PROVIDED MATERIAL:

□ □ □

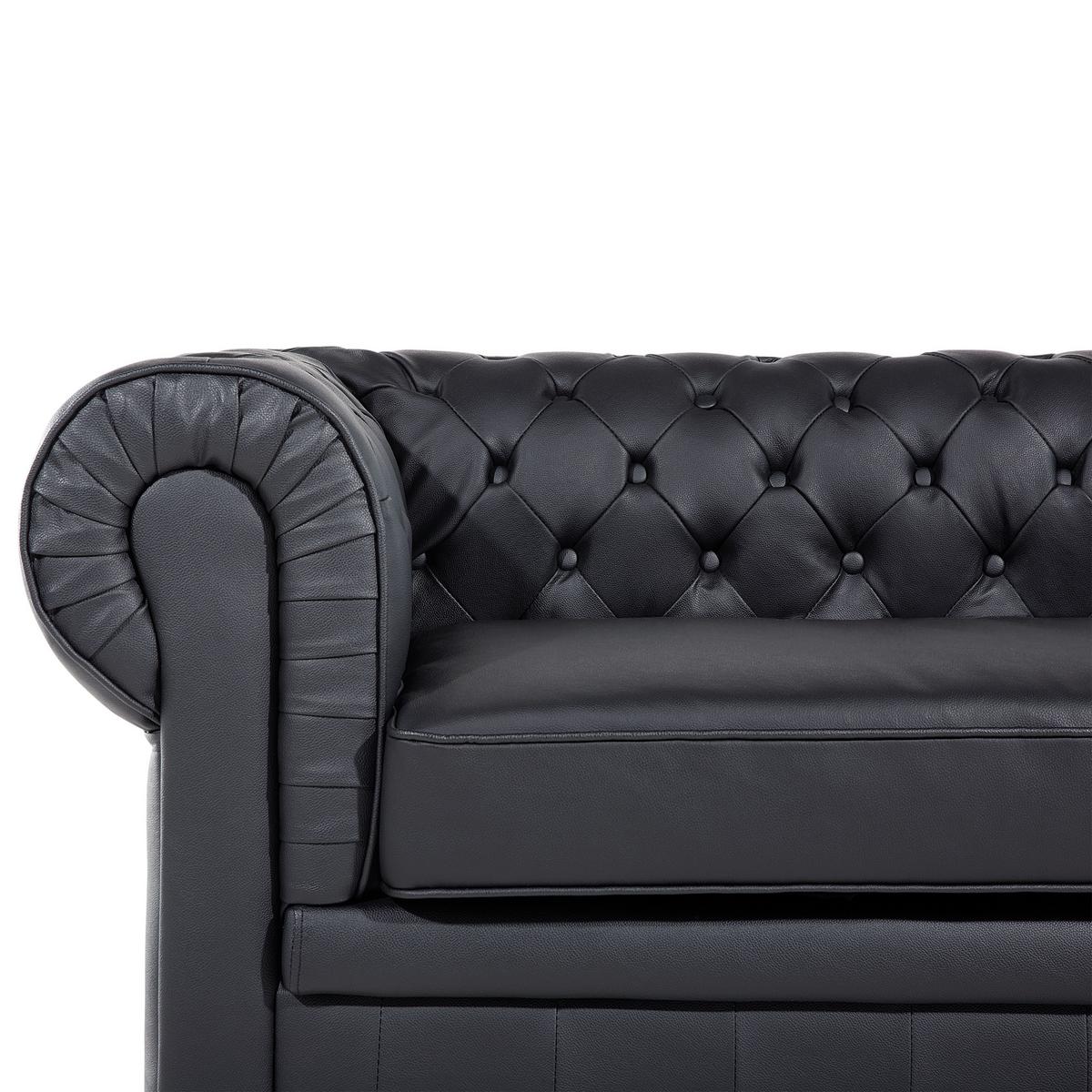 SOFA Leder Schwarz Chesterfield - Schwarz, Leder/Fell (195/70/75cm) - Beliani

□ □ □

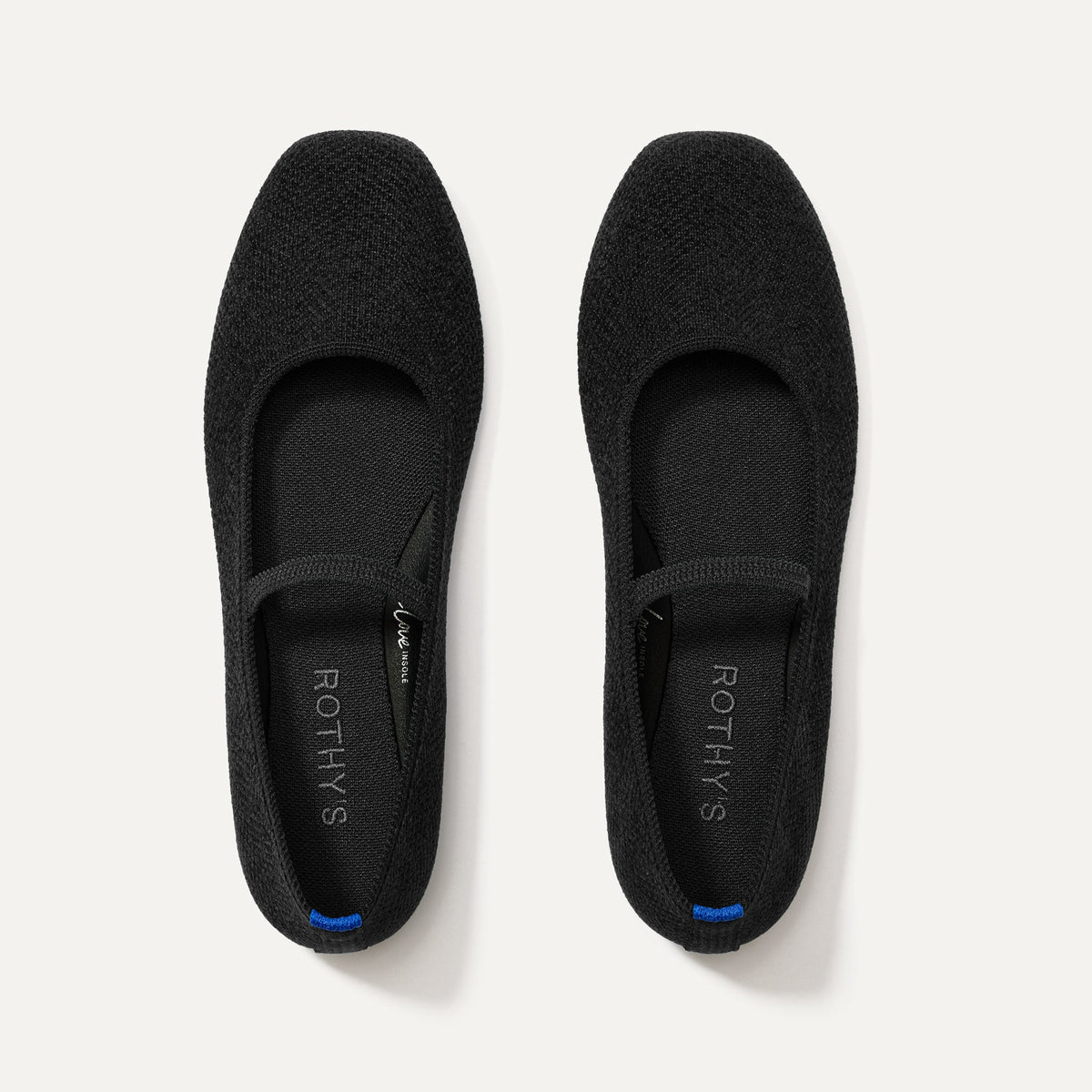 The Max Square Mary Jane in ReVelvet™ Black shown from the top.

□ □ □

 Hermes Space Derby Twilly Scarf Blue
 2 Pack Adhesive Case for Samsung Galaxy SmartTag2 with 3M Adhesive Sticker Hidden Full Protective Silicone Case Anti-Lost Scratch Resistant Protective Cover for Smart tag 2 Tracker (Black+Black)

□ □ □

TASK GOAL: Which lines above run from the one containing "Hermes Space Derby Twilly Scarf Blue" down to the one containing "2 Pack Adhesive"? Repeat exactly those, both ends included, and nothing else.

SOLUTION TO THIS EXERCISE:
 Hermes Space Derby Twilly Scarf Blue
 2 Pack Adhesive Case for Samsung Galaxy SmartTag2 with 3M Adhesive Sticker Hidden Full Protective Silicone Case Anti-Lost Scratch Resistant Protective Cover for Smart tag 2 Tracker (Black+Black)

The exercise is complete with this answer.